Task directions: Below are records; count the lines that hold the string "Image" and give only the count.

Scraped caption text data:

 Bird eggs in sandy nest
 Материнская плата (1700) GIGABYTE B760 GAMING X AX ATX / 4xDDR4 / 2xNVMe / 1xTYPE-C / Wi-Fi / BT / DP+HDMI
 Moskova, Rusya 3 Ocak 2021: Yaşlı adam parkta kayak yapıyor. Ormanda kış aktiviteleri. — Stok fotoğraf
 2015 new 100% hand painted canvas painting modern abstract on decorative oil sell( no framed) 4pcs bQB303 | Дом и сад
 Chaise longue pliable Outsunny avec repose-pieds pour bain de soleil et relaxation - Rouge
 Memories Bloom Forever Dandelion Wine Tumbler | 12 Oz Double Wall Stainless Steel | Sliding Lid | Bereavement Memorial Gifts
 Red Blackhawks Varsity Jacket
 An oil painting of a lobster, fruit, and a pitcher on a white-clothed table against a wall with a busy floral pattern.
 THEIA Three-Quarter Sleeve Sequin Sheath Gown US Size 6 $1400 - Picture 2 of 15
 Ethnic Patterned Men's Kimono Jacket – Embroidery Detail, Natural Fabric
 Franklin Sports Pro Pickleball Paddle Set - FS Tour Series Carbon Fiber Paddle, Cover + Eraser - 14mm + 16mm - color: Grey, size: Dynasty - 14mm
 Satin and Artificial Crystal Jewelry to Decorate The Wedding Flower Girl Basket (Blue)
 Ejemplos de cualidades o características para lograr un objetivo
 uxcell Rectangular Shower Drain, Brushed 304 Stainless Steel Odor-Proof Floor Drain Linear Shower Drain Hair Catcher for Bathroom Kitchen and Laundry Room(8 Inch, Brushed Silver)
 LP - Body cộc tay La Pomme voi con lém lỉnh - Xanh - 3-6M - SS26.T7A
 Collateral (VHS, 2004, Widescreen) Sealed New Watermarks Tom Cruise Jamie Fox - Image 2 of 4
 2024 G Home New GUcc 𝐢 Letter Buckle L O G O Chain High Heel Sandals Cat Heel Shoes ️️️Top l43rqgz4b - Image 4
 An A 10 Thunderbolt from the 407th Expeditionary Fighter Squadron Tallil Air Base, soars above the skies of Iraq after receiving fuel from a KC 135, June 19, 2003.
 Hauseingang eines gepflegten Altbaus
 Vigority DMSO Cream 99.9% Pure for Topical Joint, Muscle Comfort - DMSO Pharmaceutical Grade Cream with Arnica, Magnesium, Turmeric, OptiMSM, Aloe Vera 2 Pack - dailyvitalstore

Response area: 2